Die beiden hatten sich am Konzil in Rom kennengelernt. Und beide waren Reformer.
Beide traten für eine Aufwertung der Laien in der Kirche ein und die Aufwertung
der Ortskirchen gegenüber Rom. Doch während es für Ratzinger unbestritten war,
dass „das Zentrum  des christlichen Glaubens nur die Offenbarung Gottes sein kann,
die sich jeder Abstimmung entzieht“,  wurde der theologisch-biblische Volksbegriff
nun von  „Reform-Theologen“ wie Hans Küng im marxistischen Sinne umgedeutet. 
„Man war in Rom  angetreten, um den Glauben in seiner ganzen Wucht in die
Gegenwart zu tragen. Doch viele verstanden unter „Reformen“ nicht seine
Erneuerung, sondern seine Verwässerung.“
So stießen in Tübingen zwei Männer aufeinander, „die nicht unterschiedlicher sein
konnten. Während Hans Küng im Alfa Romeo vorfuhr, kam Joseph Ratzinger auf
seinem rostigen Drahtesel zu den Vorlesungen geradelt. Während sich der
flamboyante Küng lautstark zur Galionsfigur der Progressiven aufschwang, leistete
Ratzinger zunächst stillen Widerstand. Wer behauptet, er sei in Tübingen zum Lager
der Konservativen übergewechselt, verkennt ihn allerdings gründlich. Er ist sich nur
treu geblieben, hat sein Fähnchen nicht nach dem Wind des Zeitgeistes gedreht.“
                                                         Die 68er-Revolte
Der Konflikt fand vor der Kulisse der 68er-Revolte statt. Die Studentenbewegung
sollte „den Muff aus tausend Jahren“ aus den Talaren vertreiben. Die Eltern-
generation wurde der Mitschuld an Nazi-Terror und Judenmord, der Selbstab-
solution und Spießigkeit angeklagt.  Man träumte von freier Liebe und Autonomie,
neuer Musik und neuen Werten. Definierte sich die westliche Welt damals in ihrer
Abgrenzung zum Kommunismus, liebäugelte die Generation der Revolutionäre mit
Marx. Der Marxismus wurde zur neuen Heilslehre, die Gott ausschaltet und durch
das politische Handeln des Menschen ersetzt. Nicht Christus brachte die Erlösung,
sie muss erst in der Weltrevolution erkämpft werden! Damit war klar, dass
Marxismus und Christentum von Grund auf unvereinbar sind. Doch trotzdem gab es
„progressive“ Theologen, die eben diesen Spagat versuchten, ohne dabei zu merken,
dass sie den festen Boden des Glaubens längst verlassen hatten.
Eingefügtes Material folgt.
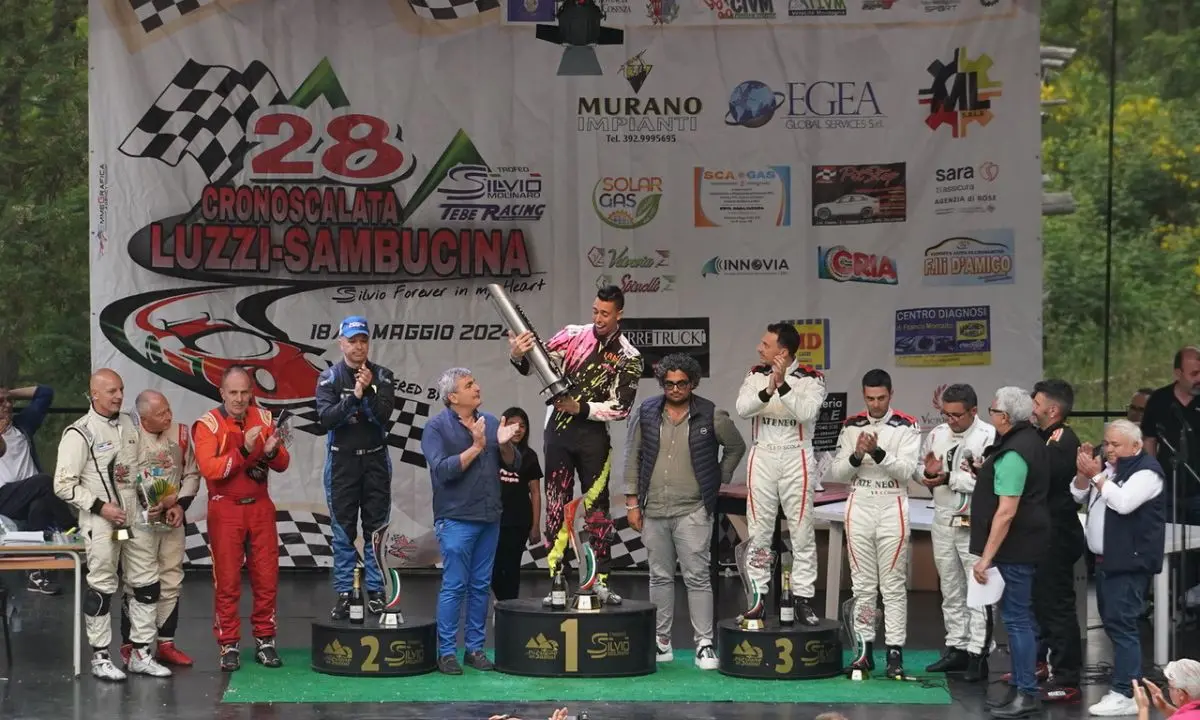 Luzzi-Sambucina nel campionato italiano Supersalita: una vetrina d’élite per la Calabria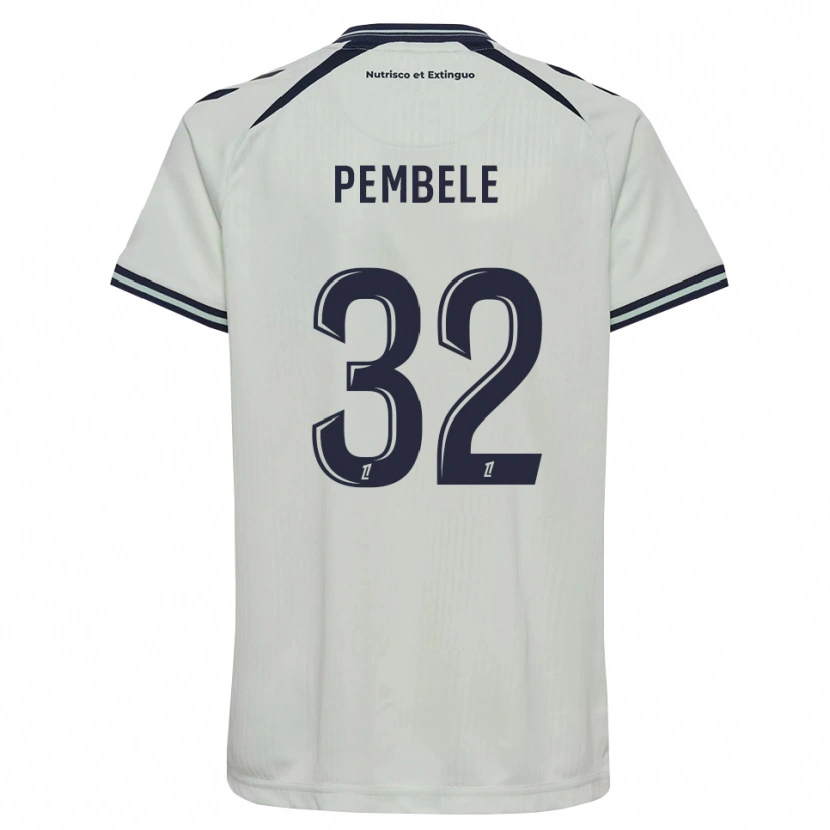 Danxen Dětské Timothée Pembélé #32 Půlnoční Modrá Bílá Daleko Hráčské Dresy 2026/27 Dres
Joseph Ratzinger hatte auch in Tübingen nie Schwierigkeiten mit seinen Studenten,
seine Vorlesungen waren nach wie vor überfüllt. Doch als in Theologenzirkeln
Flugblätter kursierten, in denen unter dem Slogan „Verflucht sei Jesus!“ das Kreuz
als „Ausdruck sadomasochistischer  Schmerzverherrlichung“ bezeichnet wurde,
konnte er nicht mehr schweigen. Es wäre ihm wie ein Verrat erschienen, wenn er sich
in die Ruhe des Hörsaals zurückgezogen hätte. Im Dritten Reich hatte er erlebt, dass
politische Selbsterlösungslehren ins Verderben führen. Während er anfangs noch
Verständnis „für das Aufbegehren gegen einen Wohstandspragmatismus“ hatte,
endete diese Toleranz, als Gewalt und Psychoterror begannen. In seinen
Erinnerungen schrieb er: „In diesen Jahren lernte ich, wann eine Diskussion aufhören
musste, weil sie sich in eine Lüge wandelte, und Widerstand einsetzen muss, um die
Freiheit zu erhalten.“
Als Joseph Ratzinger die Gefahren erkannte, die hier für die Kirche und das
Christentum heraufzogen,  gründete er gemeinsam mit evangelischen Theologen ein
Aktionsbündnis, „um eine Vermurksung der Fakultät durch die Marxisten zu
verhindern.“  Und er startete eine Vorlesungsreihe, die später unter dem Titel
„Einführung in das Christentum“ als Buch erschien und in 17 Ländern zum
Beststeller wurde. Darin rühmte er die „Schönheit des Glaubens“. Die einmalige
Klarheit und sprachliche Eleganz, mit der dies geschah, brachte ihm dabei den Ruf
eines „Mozarts der Theologie“ ein.
Dieses Buch wurde nicht nur ein großer Erfolg, sondern es sollte auch noch in einer
anderen Weise eine wichtige Rolle für sein künftiges Schicksal spielen:  Zwei Männer
wurden durch die Lektüre dieses Buches auf Joseph Ratzinger aufmerksam:  Karol
Wojtyla, damals Erzbischof von Krakau, hatte bei der Lektüre dieses Buches den
Eindruck „einen Bruder im Geiste“ gefunden zu haben. Und auch Papst Paul VI. war
von dem Werk so begeistert, dass Ratzinger 1969 in die päpstliche
Theologenkommission berufen wurde.
Quelle: G.R., “Mein Bruder, der Papst, Anm.Hesemann, S.213 ff.